[Records from a collection]
• • • • • • •

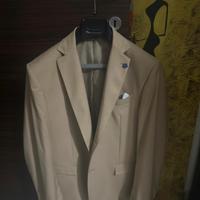Abito da cerimonia beige firmato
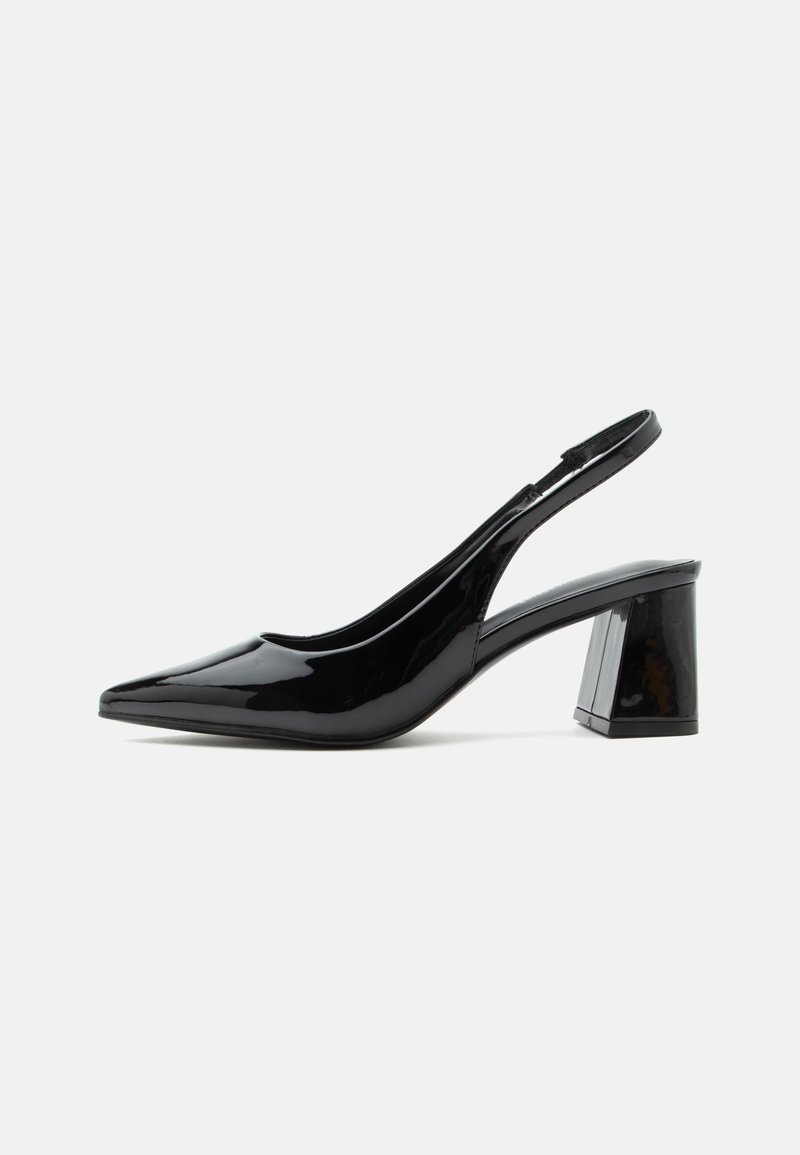 Μαύρο γυναικείο παπούτσι slingback από δέρμα λουστρίνι με μυτερή μύτη και χοντρό μεσαίου ύψους τακούνι με σχήμα μπλοκ σε λευκό φόντο.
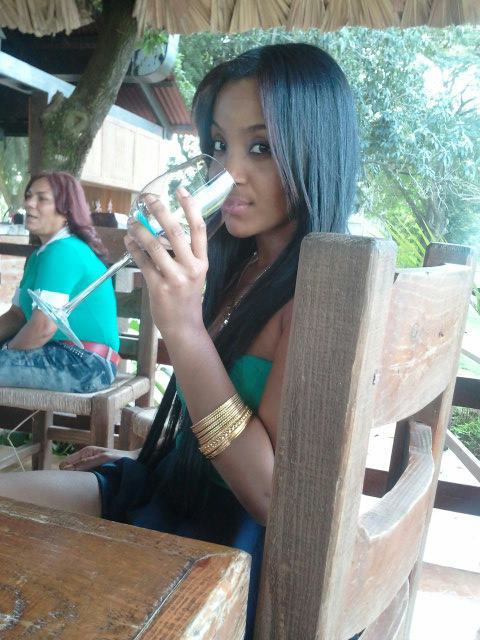 Date this good-looking Dominican Republic girl Isvelsy from Santiago DO10704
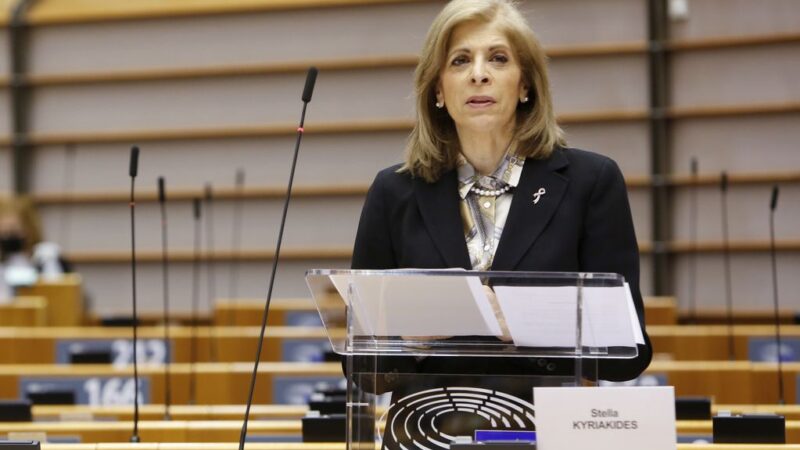 Komise by podle europoslanců měla vyložit vakcinační karty na stůl. Veřejnost by měla znát detaily smluv s&nbsp;výrobci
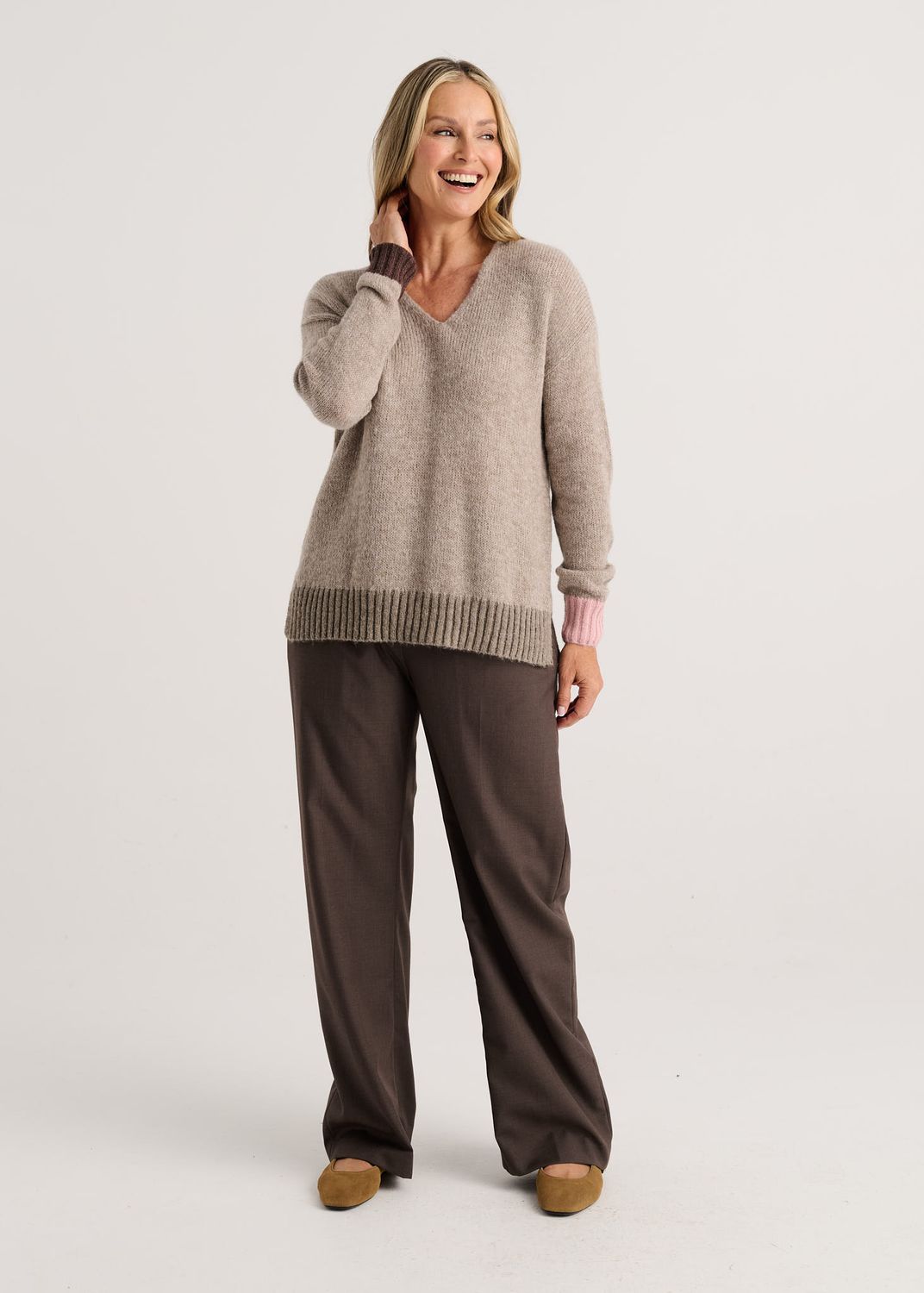 Zaket + Plover Contrast Trim V-Neck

• • • • • • •

**THE PROBLEM:**
Retype the data above as given, letting no picture into the copy.

**EXERCISE OUTPUT:**
Abito da cerimonia beige firmato
 Μαύρο γυναικείο παπούτσι slingback από δέρμα λουστρίνι με μυτερή μύτη και χοντρό μεσαίου ύψους τακούνι με σχήμα μπλοκ σε λευκό φόντο.
 Date this good-looking Dominican Republic girl Isvelsy from Santiago DO10704
 Komise by podle europoslanců měla vyložit vakcinační karty na stůl. Veřejnost by měla znát detaily smluv s&nbsp;výrobci
 Zaket + Plover Contrast Trim V-Neck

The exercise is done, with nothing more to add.